“After recent attacks in Beirut and Paris, people may feel the world is a dangerous and messy place and wish to withdraw from it, but we must resist this reaction in order to avoid nations becoming xenophobic,” said Donald Steinberg, President of World Learning at an event held at the U.S. Institute of Peace in Washington DC this past Monday, November 16, 2016. “More important than the bombs that were used was the work of civil society in building peacebuilding capacity dealing with trauma, and holding peace and conflict mediation trainings.”


Five panelists from different organizations shared their perspectives on the role of international education in peacebuilding to a packed audience

Mr. Steinberg joined several other panelists from civil society organizations in a discussion about the role of international education in peacebuilding, a field in which Peace Boat US is actively involved. The panel noted that in this increasingly globalized world, international education is more important than ever; it helps to build cross cultural skills, learn new perspectives, raise empathy and curiosity, and realize ways in which others can be very similar to ourselves yet at the same time very different.


The event was held at the United States Institute of Peace in Washington DC, an independent, nonpartisan institution that was established to increase the nation’s capacity to manage international conflict without violence.

The panelists continued by explaining what remains to be done to fully realize the potential of international education that contributes to peacebuilding. Fanta Aw, Assistant Vice President of Campus Life at American University, pointed out that concepts of race and gender are oftentimes absent from conversations about international education and peacebuilding, and that the issue of human security needs to be addressed more often. Mr. Steinberg noted that people of color, people with disabilities, and members of the LGBT community need to be included more in international education and exchange programs. Shamil Idriss, President of Search for Common Ground, said that young people need more safe venues where they can be respectfully heard—even if their opinions are strong and others do not agree with them. He also spoke of the challenge of creating international exchange programs on a massive and affordable level, and highlighted virtual exchange programs as one solution that allows large numbers of young people to connect via virtual platforms without incurring great program costs. The U.S., he informed the audience, aims to give one million American youth the opportunity to connect with youth in Muslims countries through virtual platforms over the next five years.
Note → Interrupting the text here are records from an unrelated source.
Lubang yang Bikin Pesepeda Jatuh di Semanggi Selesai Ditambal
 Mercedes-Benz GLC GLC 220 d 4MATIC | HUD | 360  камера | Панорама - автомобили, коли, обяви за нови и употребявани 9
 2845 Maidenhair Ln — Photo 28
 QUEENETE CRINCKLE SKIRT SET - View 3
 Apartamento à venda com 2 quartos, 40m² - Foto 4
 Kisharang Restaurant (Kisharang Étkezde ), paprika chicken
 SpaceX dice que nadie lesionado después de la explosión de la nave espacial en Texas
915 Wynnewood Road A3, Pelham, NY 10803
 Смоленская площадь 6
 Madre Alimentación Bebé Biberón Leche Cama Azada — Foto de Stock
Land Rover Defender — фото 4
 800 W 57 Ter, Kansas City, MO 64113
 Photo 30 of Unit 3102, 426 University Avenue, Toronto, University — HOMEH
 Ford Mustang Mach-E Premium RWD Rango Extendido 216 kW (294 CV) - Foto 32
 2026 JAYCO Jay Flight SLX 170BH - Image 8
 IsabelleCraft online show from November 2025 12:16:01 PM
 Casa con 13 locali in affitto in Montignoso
Peace Boat US works with local communities and other NGOs to create international education and peacebuilding programs that bring people together across borders.

In all peacebuilding and international education initiatives, listening to others is extremely important, and though it may sound simple and easy, it’s oftentimes not–but it holds great power to awaken people and bridge divides, concluded Melanie Greenberg, President of Alliance for Peacebuilding. Being globally tuned in while acting locally is also key, she stated, given that global and local realities are directly connected. Fortunately, she added individuals and civil society organizations have far more power today than in the past to shape peacebuilding efforts in our world today, and many cases exist around the globe of where their work has been highly successful.

As a civil society organization engaged in international education and peacebuilding, Peace Boat US will continue to help build a culture of peace around the world by bringing people together across borders for study, exchange, dialogue, and cooperation on land and on board the Peace Boat ship. Echoing a quote cited by Mr. Steinberg: “The way to learn to live together is by living together.”